====== Available records

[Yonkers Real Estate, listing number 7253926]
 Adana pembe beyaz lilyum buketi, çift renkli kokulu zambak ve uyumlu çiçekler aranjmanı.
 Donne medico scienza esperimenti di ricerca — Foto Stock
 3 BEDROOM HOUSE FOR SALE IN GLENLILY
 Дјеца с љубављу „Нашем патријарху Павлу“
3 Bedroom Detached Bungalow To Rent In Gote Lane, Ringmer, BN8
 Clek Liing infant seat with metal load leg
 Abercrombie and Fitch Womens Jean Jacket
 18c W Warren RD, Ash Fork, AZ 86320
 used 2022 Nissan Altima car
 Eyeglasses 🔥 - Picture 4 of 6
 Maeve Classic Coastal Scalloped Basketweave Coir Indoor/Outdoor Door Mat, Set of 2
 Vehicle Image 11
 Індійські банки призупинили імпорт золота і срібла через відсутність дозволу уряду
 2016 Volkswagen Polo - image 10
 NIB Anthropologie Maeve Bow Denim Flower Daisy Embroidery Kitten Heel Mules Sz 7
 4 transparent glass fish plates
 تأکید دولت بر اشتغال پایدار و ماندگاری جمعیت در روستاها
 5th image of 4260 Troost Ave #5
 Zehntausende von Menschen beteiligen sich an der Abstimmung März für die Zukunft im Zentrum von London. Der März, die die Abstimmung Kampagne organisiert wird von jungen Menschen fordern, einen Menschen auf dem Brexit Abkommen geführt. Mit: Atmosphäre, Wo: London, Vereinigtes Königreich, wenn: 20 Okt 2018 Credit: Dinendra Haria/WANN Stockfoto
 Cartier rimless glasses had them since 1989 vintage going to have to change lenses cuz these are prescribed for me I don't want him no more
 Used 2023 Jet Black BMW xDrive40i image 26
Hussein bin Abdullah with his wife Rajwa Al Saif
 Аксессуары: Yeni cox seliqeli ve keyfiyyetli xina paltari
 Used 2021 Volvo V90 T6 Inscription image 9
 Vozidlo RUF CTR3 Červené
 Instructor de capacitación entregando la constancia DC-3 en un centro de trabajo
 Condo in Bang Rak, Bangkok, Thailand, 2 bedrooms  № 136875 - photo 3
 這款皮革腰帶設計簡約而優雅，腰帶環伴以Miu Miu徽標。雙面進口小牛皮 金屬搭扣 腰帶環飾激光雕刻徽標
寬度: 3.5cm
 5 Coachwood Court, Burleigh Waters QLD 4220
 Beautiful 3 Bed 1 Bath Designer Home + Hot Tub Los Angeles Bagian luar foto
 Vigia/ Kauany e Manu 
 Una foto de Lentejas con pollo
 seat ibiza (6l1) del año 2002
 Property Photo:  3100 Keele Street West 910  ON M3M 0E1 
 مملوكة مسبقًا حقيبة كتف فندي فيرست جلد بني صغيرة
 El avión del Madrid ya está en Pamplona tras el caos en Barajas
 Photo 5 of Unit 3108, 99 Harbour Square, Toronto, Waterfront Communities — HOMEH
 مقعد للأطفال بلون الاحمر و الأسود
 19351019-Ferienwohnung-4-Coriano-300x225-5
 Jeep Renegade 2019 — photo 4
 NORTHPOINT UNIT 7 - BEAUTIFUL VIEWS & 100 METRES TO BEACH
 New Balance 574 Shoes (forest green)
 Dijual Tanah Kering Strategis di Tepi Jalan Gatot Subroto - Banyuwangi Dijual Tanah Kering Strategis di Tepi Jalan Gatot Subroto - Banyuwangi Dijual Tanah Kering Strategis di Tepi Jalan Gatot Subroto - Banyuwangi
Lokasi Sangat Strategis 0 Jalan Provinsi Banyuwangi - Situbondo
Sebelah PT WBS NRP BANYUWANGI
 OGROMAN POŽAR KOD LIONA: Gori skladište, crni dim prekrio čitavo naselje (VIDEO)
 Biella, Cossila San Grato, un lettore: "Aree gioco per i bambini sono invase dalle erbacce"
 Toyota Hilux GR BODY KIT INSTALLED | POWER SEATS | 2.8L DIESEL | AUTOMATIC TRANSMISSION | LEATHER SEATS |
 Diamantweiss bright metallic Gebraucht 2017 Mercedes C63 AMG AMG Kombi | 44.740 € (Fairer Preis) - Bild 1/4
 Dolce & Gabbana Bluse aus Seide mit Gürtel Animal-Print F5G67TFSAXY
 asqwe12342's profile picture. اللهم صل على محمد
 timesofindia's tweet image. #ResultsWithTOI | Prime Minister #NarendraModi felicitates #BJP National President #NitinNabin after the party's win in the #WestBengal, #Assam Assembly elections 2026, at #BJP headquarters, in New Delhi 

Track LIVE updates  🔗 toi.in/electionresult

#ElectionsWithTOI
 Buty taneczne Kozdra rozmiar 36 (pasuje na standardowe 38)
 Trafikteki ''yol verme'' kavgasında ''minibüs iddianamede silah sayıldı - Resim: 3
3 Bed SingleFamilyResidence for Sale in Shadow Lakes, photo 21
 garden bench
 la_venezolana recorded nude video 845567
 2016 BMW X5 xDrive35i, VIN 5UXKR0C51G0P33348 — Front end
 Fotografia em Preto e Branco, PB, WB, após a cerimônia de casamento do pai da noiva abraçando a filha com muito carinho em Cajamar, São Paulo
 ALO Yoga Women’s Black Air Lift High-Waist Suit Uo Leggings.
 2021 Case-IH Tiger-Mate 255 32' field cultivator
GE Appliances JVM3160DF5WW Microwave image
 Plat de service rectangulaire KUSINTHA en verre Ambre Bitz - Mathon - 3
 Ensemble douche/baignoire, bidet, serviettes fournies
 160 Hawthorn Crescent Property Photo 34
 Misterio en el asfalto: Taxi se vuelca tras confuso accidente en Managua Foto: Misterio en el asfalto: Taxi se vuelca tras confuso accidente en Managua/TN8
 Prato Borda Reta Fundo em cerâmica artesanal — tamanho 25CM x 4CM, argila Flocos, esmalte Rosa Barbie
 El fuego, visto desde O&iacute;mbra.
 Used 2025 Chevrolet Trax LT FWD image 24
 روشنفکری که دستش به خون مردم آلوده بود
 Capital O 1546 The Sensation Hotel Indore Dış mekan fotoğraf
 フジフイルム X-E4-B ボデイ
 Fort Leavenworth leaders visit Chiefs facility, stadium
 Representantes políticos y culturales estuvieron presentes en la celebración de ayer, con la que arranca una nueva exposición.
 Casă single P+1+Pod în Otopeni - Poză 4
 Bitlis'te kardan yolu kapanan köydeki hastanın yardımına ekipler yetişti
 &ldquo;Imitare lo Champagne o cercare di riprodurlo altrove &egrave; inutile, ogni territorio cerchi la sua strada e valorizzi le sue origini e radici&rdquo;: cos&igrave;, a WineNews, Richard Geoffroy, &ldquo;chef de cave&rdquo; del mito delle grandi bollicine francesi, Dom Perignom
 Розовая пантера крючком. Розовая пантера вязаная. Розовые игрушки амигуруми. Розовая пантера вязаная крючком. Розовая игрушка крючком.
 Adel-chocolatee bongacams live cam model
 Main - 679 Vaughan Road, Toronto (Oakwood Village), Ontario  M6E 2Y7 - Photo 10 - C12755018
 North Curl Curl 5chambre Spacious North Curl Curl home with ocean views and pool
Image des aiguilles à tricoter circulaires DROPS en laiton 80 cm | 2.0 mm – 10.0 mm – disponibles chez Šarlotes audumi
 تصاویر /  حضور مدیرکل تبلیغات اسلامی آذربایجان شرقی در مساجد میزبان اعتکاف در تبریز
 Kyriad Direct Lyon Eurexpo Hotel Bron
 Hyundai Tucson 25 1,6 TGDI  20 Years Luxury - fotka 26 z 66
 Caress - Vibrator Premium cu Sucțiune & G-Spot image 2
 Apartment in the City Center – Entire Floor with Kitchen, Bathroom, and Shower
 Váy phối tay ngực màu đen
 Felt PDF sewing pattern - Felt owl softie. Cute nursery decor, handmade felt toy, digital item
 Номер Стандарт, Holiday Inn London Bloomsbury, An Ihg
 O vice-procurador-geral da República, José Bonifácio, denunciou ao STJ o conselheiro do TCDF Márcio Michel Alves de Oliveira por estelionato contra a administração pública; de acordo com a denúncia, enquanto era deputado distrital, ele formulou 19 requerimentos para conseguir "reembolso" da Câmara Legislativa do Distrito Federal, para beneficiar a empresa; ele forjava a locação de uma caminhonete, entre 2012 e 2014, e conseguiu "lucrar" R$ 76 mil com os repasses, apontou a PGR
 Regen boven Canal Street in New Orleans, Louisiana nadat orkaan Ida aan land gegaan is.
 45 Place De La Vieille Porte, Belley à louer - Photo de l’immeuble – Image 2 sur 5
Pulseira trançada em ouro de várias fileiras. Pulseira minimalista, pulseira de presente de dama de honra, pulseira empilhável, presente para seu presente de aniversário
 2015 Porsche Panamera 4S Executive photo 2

============

## Action item:
From the entries above, print the lines beginning at the one with "Sebelah PT WBS NRP BANYUWANGI" and stopping after the one with "Ensemble douche/baignoire, bidet, serviettes", exactly as written and with nothing else.

## Written response:
Sebelah PT WBS NRP BANYUWANGI
 OGROMAN POŽAR KOD LIONA: Gori skladište, crni dim prekrio čitavo naselje (VIDEO)
 Biella, Cossila San Grato, un lettore: "Aree gioco per i bambini sono invase dalle erbacce"
 Toyota Hilux GR BODY KIT INSTALLED | POWER SEATS | 2.8L DIESEL | AUTOMATIC TRANSMISSION | LEATHER SEATS |
 Diamantweiss bright metallic Gebraucht 2017 Mercedes C63 AMG AMG Kombi | 44.740 € (Fairer Preis) - Bild 1/4
 Dolce & Gabbana Bluse aus Seide mit Gürtel Animal-Print F5G67TFSAXY
 asqwe12342's profile picture. اللهم صل على محمد
 timesofindia's tweet image. #ResultsWithTOI | Prime Minister #NarendraModi felicitates #BJP National President #NitinNabin after the party's win in the #WestBengal, #Assam Assembly elections 2026, at #BJP headquarters, in New Delhi 

Track LIVE updates  🔗 toi.in/electionresult

#ElectionsWithTOI
 Buty taneczne Kozdra rozmiar 36 (pasuje na standardowe 38)
 Trafikteki ''yol verme'' kavgasında ''minibüs iddianamede silah sayıldı - Resim: 3
3 Bed SingleFamilyResidence for Sale in Shadow Lakes, photo 21
 garden bench
 la_venezolana recorded nude video 845567
 2016 BMW X5 xDrive35i, VIN 5UXKR0C51G0P33348 — Front end
 Fotografia em Preto e Branco, PB, WB, após a cerimônia de casamento do pai da noiva abraçando a filha com muito carinho em Cajamar, São Paulo
 ALO Yoga Women’s Black Air Lift High-Waist Suit Uo Leggings.
 2021 Case-IH Tiger-Mate 255 32' field cultivator
GE Appliances JVM3160DF5WW Microwave image
 Plat de service rectangulaire KUSINTHA en verre Ambre Bitz - Mathon - 3
 Ensemble douche/baignoire, bidet, serviettes fournies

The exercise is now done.